Fuese como gobernador, a reos condenados; o como presidente, a pueblos sin condena, Bush ha observado siempre una nada disimulada pasión por la muerte, especialmente la ajena. Y la ha venido prodigando públicamente y a la vista de todos, con la única excepción de las guerras en las que se negó a servir como soldado.
A otros, a los que no mata, Bush los deporta. Todas sus políticas migratorias, menos las que aplica a los cubanos, no tienen otro interés que repatriar de Estados Unidos las sobras, generalmente latinas, que no tienen cabida en su modelo social, a aquellos a los que calificara de «marroncitos» en los tiempos en que era el gobernador que más negros y latinos sentaba en la silla eléctrica.
A algunos más, a los que no mata ni deporta, los despide. Decenas de miles de trabajadores despedidos en Estados Unidos, echados a la calle, sin empleo, como consecuencia de sus políticas económicas.
A muchos los desampara, les recorta servicios, les niega recursos. En Nueva Orleans y otras ciudades y estados próximos no sólo rechazó aumentar los fondos para asegurar los diques de la ciudad y sus defensas sino que redujo los recursos materiales y humanos existentes. Las consecuencias, tras el paso del huracán Katrina, fueron mil muertos y algunos miles más desaparecidos, a la espera de recibir sus correspondientes responsos.

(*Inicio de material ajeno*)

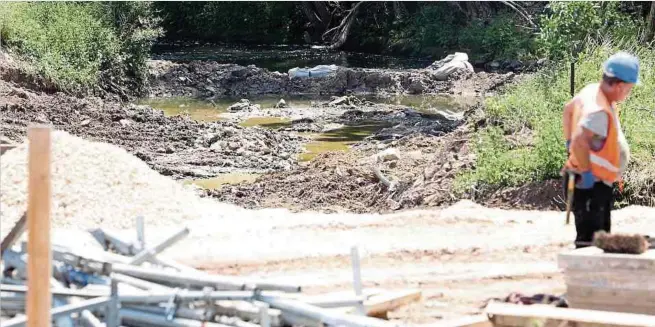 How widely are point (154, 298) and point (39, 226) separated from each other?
243cm

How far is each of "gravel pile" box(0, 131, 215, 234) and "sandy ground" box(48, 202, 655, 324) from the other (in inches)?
22.8

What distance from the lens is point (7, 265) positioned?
7660 mm

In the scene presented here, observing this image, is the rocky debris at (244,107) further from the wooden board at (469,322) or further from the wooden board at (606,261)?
the wooden board at (606,261)

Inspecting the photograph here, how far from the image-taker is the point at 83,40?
99.8ft

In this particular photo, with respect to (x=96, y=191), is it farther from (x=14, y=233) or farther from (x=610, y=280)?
(x=610, y=280)

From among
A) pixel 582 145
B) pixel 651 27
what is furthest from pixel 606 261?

A otros los tortura, los secuestra, los mutila. Y tampoco faltan entre la extensa lista de damnificados, aquellos a los que arruina, para no mencionar sus muchos pasados socios económicos y financieros, desde Laden hasta Enron, a los que dejó por el camino y no, precisamente, sentados.

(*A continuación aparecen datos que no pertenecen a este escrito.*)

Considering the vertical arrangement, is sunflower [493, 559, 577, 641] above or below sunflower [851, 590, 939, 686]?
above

John Green, sin embargo, tiene la suerte de que Bush no lo mate, no lo deporte, no lo despida ni lo arruine, no lo desampare, no lo torture, no lo secuestre ni mutile, … simplemente, lo enferma.

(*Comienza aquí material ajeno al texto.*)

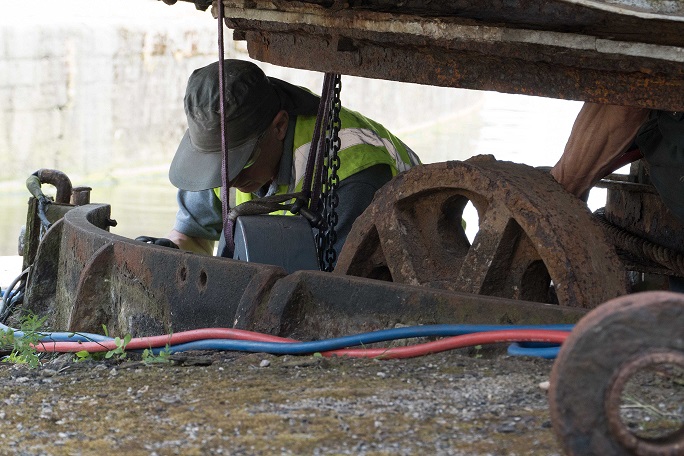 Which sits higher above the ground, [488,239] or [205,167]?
[205,167]

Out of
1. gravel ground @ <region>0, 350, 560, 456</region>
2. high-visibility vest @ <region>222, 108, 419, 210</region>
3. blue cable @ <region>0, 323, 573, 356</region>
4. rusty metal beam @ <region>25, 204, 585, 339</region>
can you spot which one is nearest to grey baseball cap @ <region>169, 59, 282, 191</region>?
high-visibility vest @ <region>222, 108, 419, 210</region>

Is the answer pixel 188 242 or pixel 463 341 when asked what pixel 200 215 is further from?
pixel 463 341

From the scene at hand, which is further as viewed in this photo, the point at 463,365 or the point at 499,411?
the point at 463,365

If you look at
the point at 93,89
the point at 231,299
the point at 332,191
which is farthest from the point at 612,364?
the point at 93,89

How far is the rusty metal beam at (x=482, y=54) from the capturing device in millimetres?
2479

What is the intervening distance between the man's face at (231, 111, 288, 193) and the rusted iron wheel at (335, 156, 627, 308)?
3.27 feet

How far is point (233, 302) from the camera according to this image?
120 inches

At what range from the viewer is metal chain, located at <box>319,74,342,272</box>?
11.7 feet

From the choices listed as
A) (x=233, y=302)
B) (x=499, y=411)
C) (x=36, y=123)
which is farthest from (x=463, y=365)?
(x=36, y=123)

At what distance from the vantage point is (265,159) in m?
4.33

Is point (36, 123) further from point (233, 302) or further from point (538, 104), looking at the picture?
point (538, 104)

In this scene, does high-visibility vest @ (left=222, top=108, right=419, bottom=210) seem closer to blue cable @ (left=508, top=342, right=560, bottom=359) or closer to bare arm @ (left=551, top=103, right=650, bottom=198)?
bare arm @ (left=551, top=103, right=650, bottom=198)

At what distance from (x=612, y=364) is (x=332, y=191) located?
223cm

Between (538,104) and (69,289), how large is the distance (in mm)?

¿Y hay bien más preciado para el actual gobierno estadounidense que un arrepentido que se reconozca enfermo?
Donald Rumsfeld, por ejemplo, secretario de Defensa y uno de los principales mentores del fármaco Tamiflu para combatir la gripe aviar, vería multiplicada su inversión si John Green enfermara, precisamente, de esa famosa dolencia.
No quiero ni imaginar los titulares: «John Green agarra la gripe aviar», «La gripe aviar llega a Good Morning América». En 2 horas se habrían agotado las existencias de Tamiflú en todo el país y Rumsfeld sería un poco más rico.
Igual pudo enfermar de ántrax y aprovechar el brote Bush para atacar Burkina Fasso luego de descubrir en ese país el origen del atentado.
O enfermar de viruela y acabar corroborando aquella patética presentación de Colin Powell en la televisión, cuando mostró como evidencia de lo que se trajinaba en la Iraq de Sadam, un frasco conteniendo supuesta viruela.
Y además, al propio Bush, también, lo enferma Bush. Conocida es esa pasión desenfrenada del presidente estadounidense, por ejemplo, por las galletas Prezzler que, ya en una ocasión estuvo a punto de costarle la vida luego de que se atragantara e inconsciente cayera al suelo mientras veía por televisión un partido de rugby estadounidense. (Ellos lo llaman fútbol) Y se sabe de otras dolencias que han enfermado al presidente, serias adicciones, además de las etílicas y las psiquiátricas.
De ahí que, el hecho de que Bush enferme al prestigioso productor televisivo estadounidense, ni es relevante ni constituye ofensa, y sólo por la generosa personalidad de Green puede entenderse que, incluso, pida perdón por una oración expresada hace dos años y en el ámbito de lo que se suponía era un espacio privado, íntimo.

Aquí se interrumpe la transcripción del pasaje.